» **Work request**:
Return all the data verbatim but without images.

(Brief descriptive captions)
◆ ◆ ◆ ◆ ◆ ◆ ◆
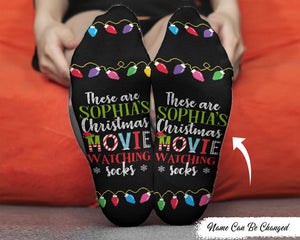 Christmas Movies Watching Socks - Personalized Crew Socks, Christmas Socks With Sayings, Custom Name Watching Movies Socks, Christmas Gifts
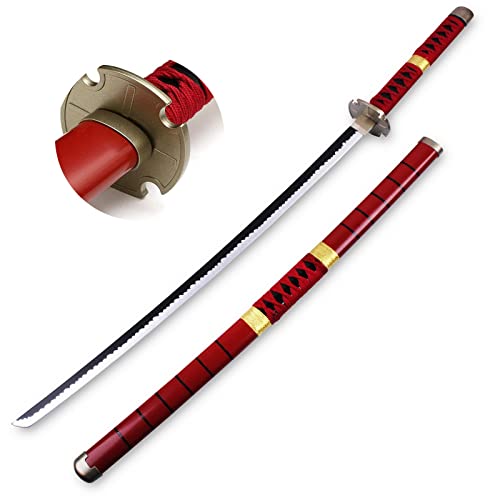 Uvency Katana Schwert Holz Slayer Schwert Halloween Prop Cosplay Schwert Geburtstagsgeschenke Japanisches Katana Für Ninja Soldier Warrior Kostüm Battle Play/Gesamtlänge: 41 Zoll/Red von Uvency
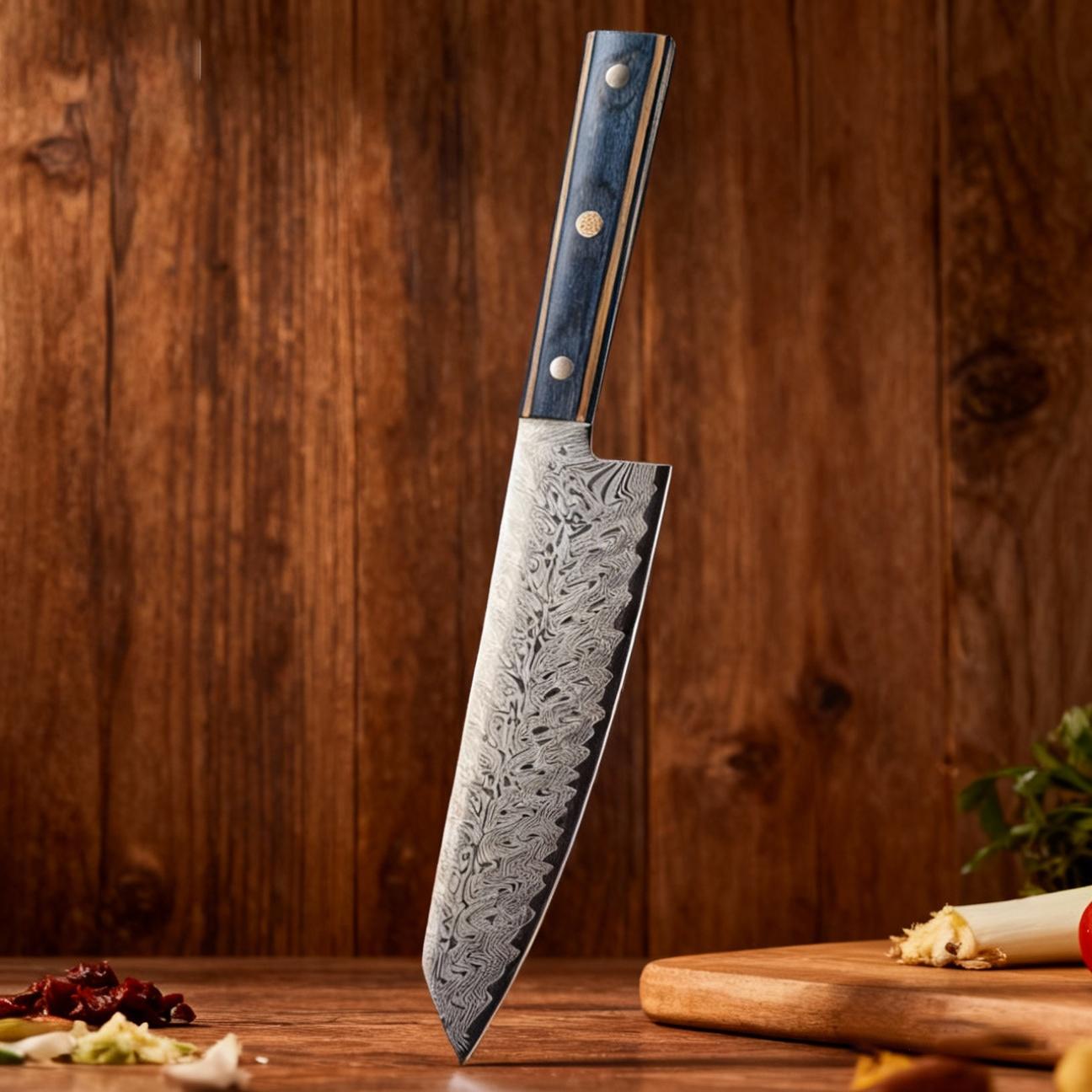 Professional kitchen knife, Damascus pattern chef s knife, sharp Japanese Santoku knife, kitchen knife, solid wood handle knife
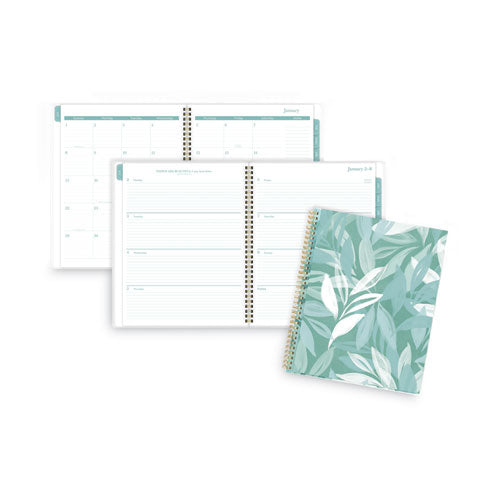 Bali Weekly/Monthly Planner, Bali Leaf Artwork, 11 x 8.5, Green/White Cover, 12-Month (Jan to Dec): 2023-(AAG1640901)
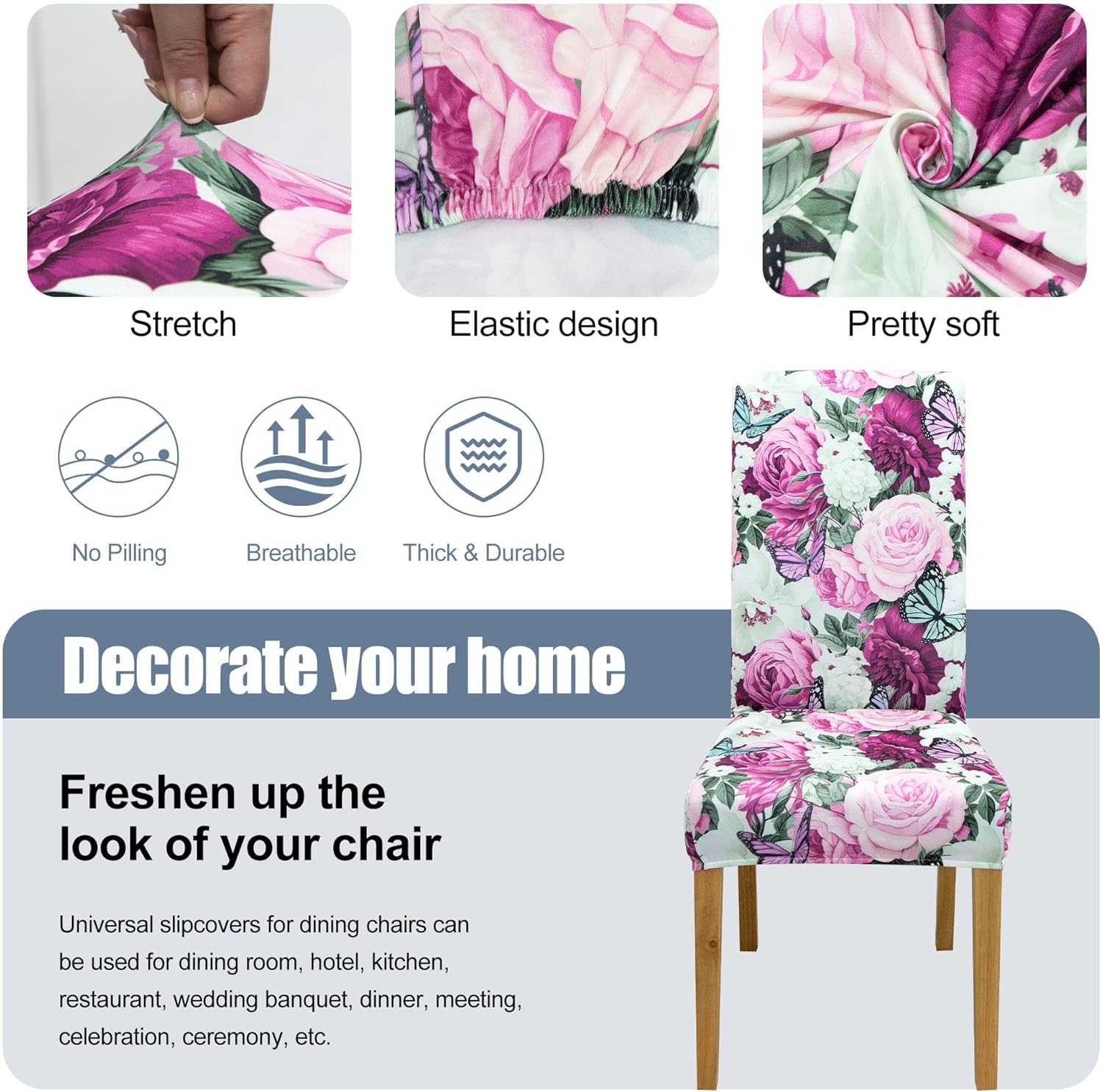 Dining Chair Cover,Dining Room Chair Covers Set of 6,Stretch Kitchen Chair Cover,Washable Dining Chair Cover,Parsons Chair Slipcovers Protective,for Home,Restaurant,Banquet(Gray)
◆ ◆ ◆ ◆ ◆ ◆ ◆
» **Exercise result**:
 Christmas Movies Watching Socks - Personalized Crew Socks, Christmas Socks With Sayings, Custom Name Watching Movies Socks, Christmas Gifts
 Uvency Katana Schwert Holz Slayer Schwert Halloween Prop Cosplay Schwert Geburtstagsgeschenke Japanisches Katana Für Ninja Soldier Warrior Kostüm Battle Play/Gesamtlänge: 41 Zoll/Red von Uvency
 Professional kitchen knife, Damascus pattern chef s knife, sharp Japanese Santoku knife, kitchen knife, solid wood handle knife
 Bali Weekly/Monthly Planner, Bali Leaf Artwork, 11 x 8.5, Green/White Cover, 12-Month (Jan to Dec): 2023-(AAG1640901)
 Dining Chair Cover,Dining Room Chair Covers Set of 6,Stretch Kitchen Chair Cover,Washable Dining Chair Cover,Parsons Chair Slipcovers Protective,for Home,Restaurant,Banquet(Gray)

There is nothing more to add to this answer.